‘My Policeman’ is an emotional experience that can move an entire theater to tears

Photo courtesy of Amazon Prime Video

The long-awaited film “My Policeman” finally came to select theaters on Oct. 21, and it greatly exceeded my expectations. 

“My Policeman” is based on the 2012 novel by Bethan Roberts and follows a younger Tom Burgess (Harry Styles), Marion Taylor (Emma Corrin) and Patrick Hazelwood (David Dawson). The film flashes between scenes in the 1950s and the 1990s when the characters are grown and retired. 

In the 90s, married and retired couple Tom and Marion welcome their old friend Patrick to live with them after he suffers from a stroke and can no longer live alone. 

However, it’s clear from the beginning that Tom wants nothing to do with Patrick and is unhappy with his new houseguest. The reason behind his hostile behavior is explored throughout the film.

The beginning of the film is ambiguous, and if you haven’t seen the trailer, it can be confusing trying to guess who is who. Fortunately, the film jumps into their backstory fairly quickly which helps to fill the gaps. 

When we first meet Marion (Corrin) in the 1950s, she is a young woman who is infatuated with policeman Tom Burgess (Styles), and the two begin to spend time together and bond over a shared love and curiosity for literature and art. Patrick (Dawson) is introduced when Tom and Marion visit him at the museum he curates. The trio soon becomes inseparable.

Tom and Marion’s relationship develops carefully and cautiously until Tom eventually asks her to marry him and she accepts his proposal. 

Then it’s revealed that Patrick and Tom have been romantically involved throughout the entire time the trio has been together and that they’ve been hiding their relationship from a mostly unsuspecting Marion.

While watching this film, you cannot help but marvel at the actors as each one brings a unique take on their character and their performances bring their characters to life. The chemistry between Styles and Dawson is undeniable as you watch Tom and Patrick’s relationship develop. 

There were multiple points throughout the film where all members of the audience were quite literally on the edge of their seats, eager to see what would happen next. Safe to say, no one was disappointed.

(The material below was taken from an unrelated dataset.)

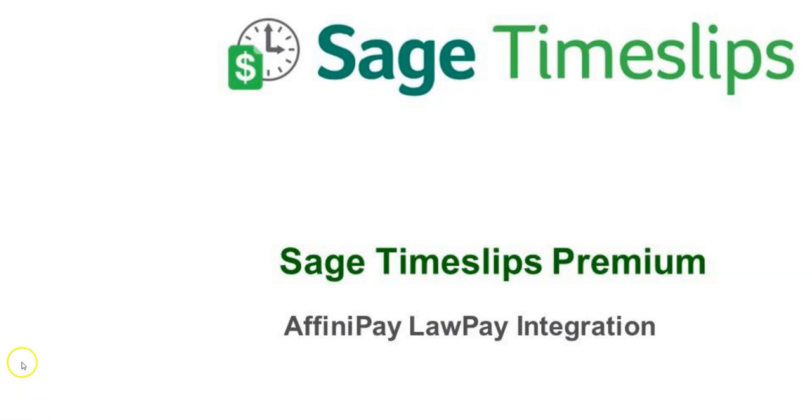In Sage Timeslips, we now offer the ability to connect an Affinipay LawPay account to Timeslips.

I was thoroughly entertained during this entire film and the directors did an excellent job of weaving scenes together to keep the storyline flowing and the audience engaged. 

The cinematography is a reason to see the movie in itself. The production was filmed throughout Europe, and several stunning scenes made my jaw drop. 

[Photo from Michael Grandage’s film “My Policeman.”]
Photo courtesy of Amazon Prime Video

The film is rated R for nudity and sexual content, which brings us to the next aspect of this movie: intimacy. The intimate scenes in this movie are filmed so beautifully, and the actors do an excellent job of creating a deep and sensual atmosphere. 

The film’s intimacy coordinator, Ben Wright, deserves major applause for crafting such delicate and passionate scenes. This extra-mile effort adds to the intensity of the relationships and the impact on its audiences.

The casting of the movie is another impressive aspect of the film. Styles, Dawson and Corrin all excel in their roles and create a genuine and heartfelt performance. Their older counterparts, Linus Roache (Tom), Rupert Everett (Patrick) and Gine McKee (Marion), are all perfectly casted. 

The older and younger versions of the trio leave little room for doubt, they all do a wonderful job of playing their mirrored roles. Roache also does a phenomenal job of replicating Styles iconic, slow dialect.

My favorite part of this movie, however, is how emotional it is. Very few movies are capable of making an entire theater experience such a wide variety of emotions simultaneously, but “My Policeman” absolutely did. The film portrays themes of secrecy, betrayal, forbidden love and heartbreak like no other and the actors deliver memorable and heartfelt performances.

As the movie explores the violence and discrimination towards gay people in the 1950s, we learn that a previous partner of Patrick’s had been beaten to death by a gang of thugs after he was outed as gay. This scene alone was enough to send the audience into a spiral of tears.

This film evoked a wide range of emotions from its audience. I felt disgust, sorrow, hopefulness, hopelessness and joy. When you learn of the ultimate betrayal, you can’t help but cringe and scrunch your nose in distaste at the actions taken by an angry and jealous lead. 

On the contrary, while watching Tom and Patrick casually pass each other on the street and subtly smile while trying to hide their attraction, I was optimistic and hoped that maybe, just maybe, things would work out for them. 

The director and actors managed to create such strong tension in certain scenes that the audience was wide-eyed as they awaited the next move. I don’t know how they were able to communicate emotion so well in this film, but I will be watching this film on repeat for months to come. 

I cannot recommend this film enough. The acting was phenomenal. The soundtrack perfectly matched the vibe of the film and the screenplay was wonderfully written. 

This is a beautifully tragic love story that explores the complexity of gay relationships in a time when gay people were prosecuted simply for their sexuality. 

“My Policeman” is now available on Amazon Prime Video, and it is an absolute must-see.